- March 23, 2011
In “Pursuing theology & science” (Feb. 28), Don Schmeltekopf greatly over-simplifies the problem with evolution. He suggests the theory’s opponents base their opposition on a literal interpretation of the Bible. Some still do, perhaps, but serious opposition is based on science itself.
Numerous books authored by scientists, lawyers and other respected investigators spell out the real reasons the theory fails. Some of these reasons are:
• It doesn’t account for the fossil record that clearly shows the theory’s prediction of new species being evolved through many eons of transitional forms is not in accord with the actual fossil record.
• It is at a loss to explain how the many physiological complexities of life could have been formed in evolution’s step-wise procedure operating over many millions of years with no purposeful planning guiding its development.
• It offers no credible explanation for how life began in the first place, or for that matter, why the universe itself is even here, inasmuch as true evolutionists start with the assumption that no outside influence—read God—was involved.
In closing, Schmeltekopf says, “Conflict between biblical theology and scientific knowledge simply is not warranted.” This glosses over the basic tenet in the theory of evolution—life on Earth began and evolved without any input from a supernatural source. It specifically excludes any help from God. In other words, it denies God. Does the good doctor see no conflict here?
The article on reciprocity in missions (March 14) sets a very positive tone about missionaries working in close cooperation with communities and churches overseas.
But if we stop and think about it, this can only happen in situations where we build relationships and understand each other.

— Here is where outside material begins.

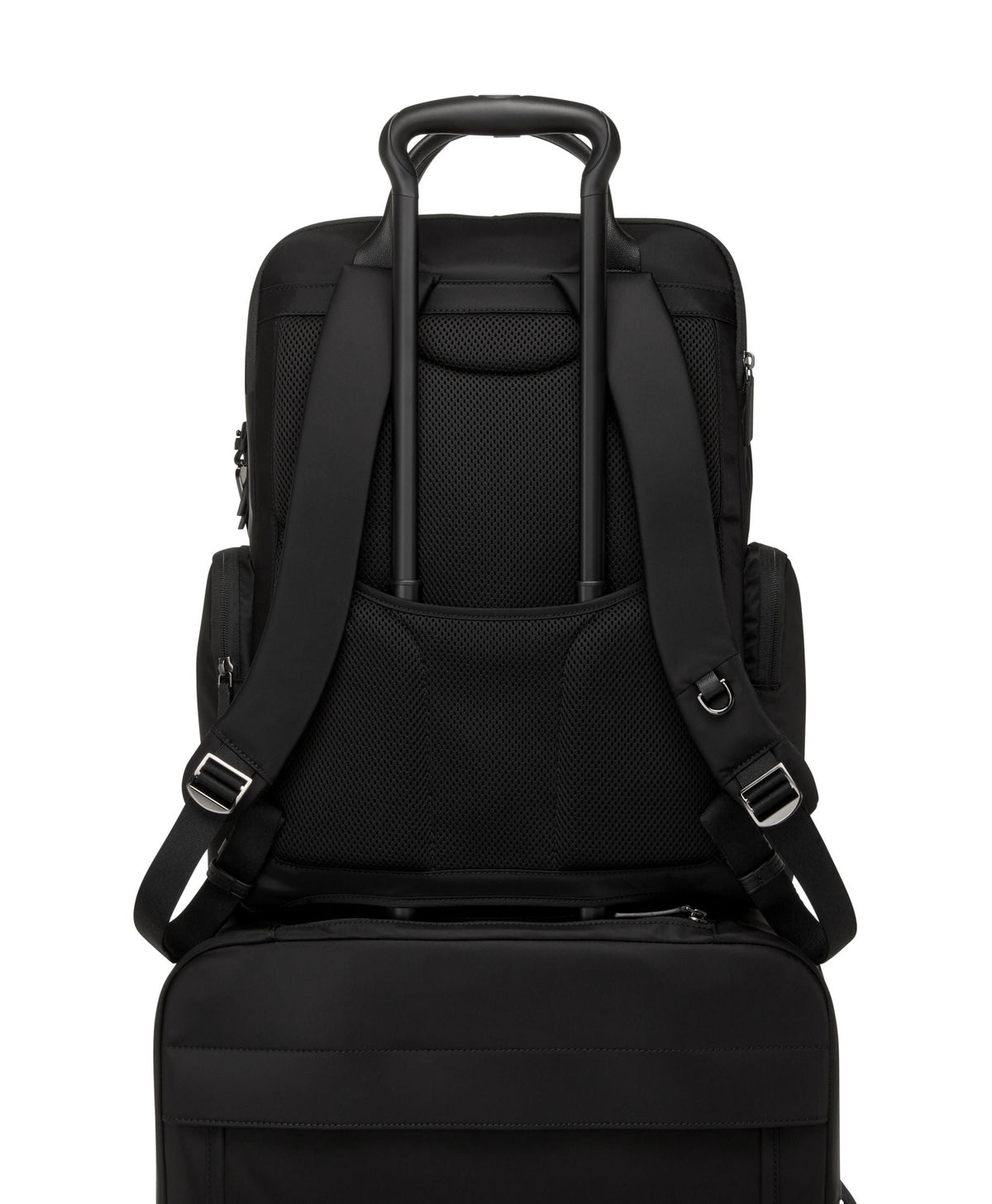 Tumi Backpacks Tumi Voyageur Atlanta Backpack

Participants in brief mission trips, unable to converse directly with the broader community, will not be able to engage in this level of reciprocity.
We can still use people on short-term trips, but we desperately need the long-term missionaries who live in communities, learn languages, develop relationships and then build reciprocal programs.
Being almost 80, I am one of the “active elderly” Tom Ehrich refers to (Feb. 14), saying we are cursed with remembering and wants to get us out of the control of the church.
Most churches would be in bad shape if it were not for the active elderly. God is in control, and the church is not brick and mortar. The church is all the members, sinners saved by grace, and we meet in the sanctuary of the church buildings.
He says there won’t be any church buildings, since everybody will be in small groups and no Sunday school or Sunday worship. I wonder what church he belongs to.
We don’t need to be concerned about marketing, etc. Jesus Christ is the same yesterday, today and tomorrow. We should not forsake the assembling together. We are to be in the world but not of the world, and I fear some radical contemporary music is of the world.
We should all be more concerned about the message of salvation than the mechanics and delivery of that message. Our church’s mission is “to lead all people into a life-changing, ever-growing relationship with Jesus Christ.”
Well, as a church consultant, I hope Ehrich agrees with that mission.